Thursday, December 17, 2015

Week 50: Brandon (in The Roundabout Waltz)

   The Roundabout Waltz books continue with Week 50's book-of-the-week, Brandon. The little board car for Brandon is covered in red pastepaper, with yellow pastepaper headlights and blue pastepaper windows. The black luggage rack is paper from the French Paper Company. 

the Brandon car (story) on The Roundabout Waltz

When the little car isn't riding around the roundabouts, it can be stored in the little box garage along with the other story cars in the series.. Sadie, Maxie, and Wally. There are five partitions in the cigar style box, with an extra spot for one more car... The garage is covered with pastepaper and a gray Japanese print paper. The hinge is made with Japanese silk bookcloth.

out of its box garage and driving on the roundabout

The tiny 1 x 1-inch accordion book (luggage) is covered in red and gold-checked Japanese chiyogami paper. The story is digitally printed on white text paper..

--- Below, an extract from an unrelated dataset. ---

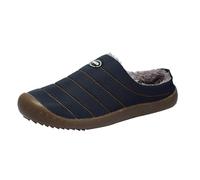 SRTUMEY 2024 - Pantuflas de algodón para hombre, ligeras y cálidas, pantuflas de algodón de animales de Navidad, pantuflas de gamuza con memoria, Navy, 44 EU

the Brandon story as luggage, unfolding out of the luggage rack

Close-up of Brandon title page

the unfolding accordion book, Brandon on The Roundabout Waltz 

This is the story Brandon...

   Brandon’s been living in Raleigh all his life. He grew up in North Raleigh in one of those new, pine-treed neighborhoods with bonus-roomed McMansions and a soccer goal in every backyard. The mom’s drove Volvo station wagons and the Dads worked at RTP as engineers or scientists, or managers of engineers or scientists. 
   But in 2008 Brandon’s dad got laid off. That was wierd and scary  It happened right before Christmas. Really! Five days before Christmas, Brandon’s dad came home from work.. they’d had the office party that afternoon…Brandon’s mom had made her special Jam Shortbread cookies for all his co-workers. She’d bought Christmasy gift bags and stuffed each with a Ziplock baggie of cookies and a wad of tissue…and tied three colors of ribbon on top, taking the time to curl each ribbon strand with the scissors. Brandon’s dad had left that morning with arms full of red and green gift bags… When Brandon and his mom and little brother, Seth, came home from basketball practice they found his dad sitting at the kitchen table in the dark with a glass of whiskey in front of him. He was pale and his hands shook as he lifted the crystal glass to his lips.
   “What’s up?” said Brandon’s mom as she flipped on the light and the boys charged to the den.. Brandon thought he heard something about a pink ship. He wondered if they were going on a cruise for Christmas. Later that night, his parents gathered the boys in the den and he heard it was a PINK SLIP..  His dad had been laid off. And starting in two weeks he would be on UNEMPLOYMENT. His parents told the boys that there wouldn’t be many more movies and dinners out. The Christmas presents were bought and couldn’t be returned, but they would ECONOMIZE from now on… until his dad got a new job. Maybe they would have to MOVE…
   The boys were determined to make the best of things and on Christmas morning ripped into all the presents like crazy! All the new computer games were played with... multiple times, the sports equipment played with wildly in the backyard, new clothes donned, the candy bars and sweets in their stockings ripped open and devoured. On the surface it could have been any Christmas, but under all the glitter, it seemed like it was their last. The two boys savored every minute of that Christmas of 2008. The coming year they learned to pull together. And they grew up…  in more ways than just height and shoe size. As Brandon drives his red Honda into the roundabout at Hillsboro Street and Pullen Road, on the way to his engineering class at NCSU, he remembers that year… the feeling of spinning out of control, trying to steer around the whole thing, and the change in himself as it all happened. Just like the view from the other side of the roundabout… he saw things totally different.
                                                           The End

The Roundabout Waltz and its parking garage box

Wednesday, December 9, 2015

Week 49: Wally (in The Roundabout Waltz)

   This week's book is a story of another vehicle in The Roundabout Waltz. This little story is titled Wally.  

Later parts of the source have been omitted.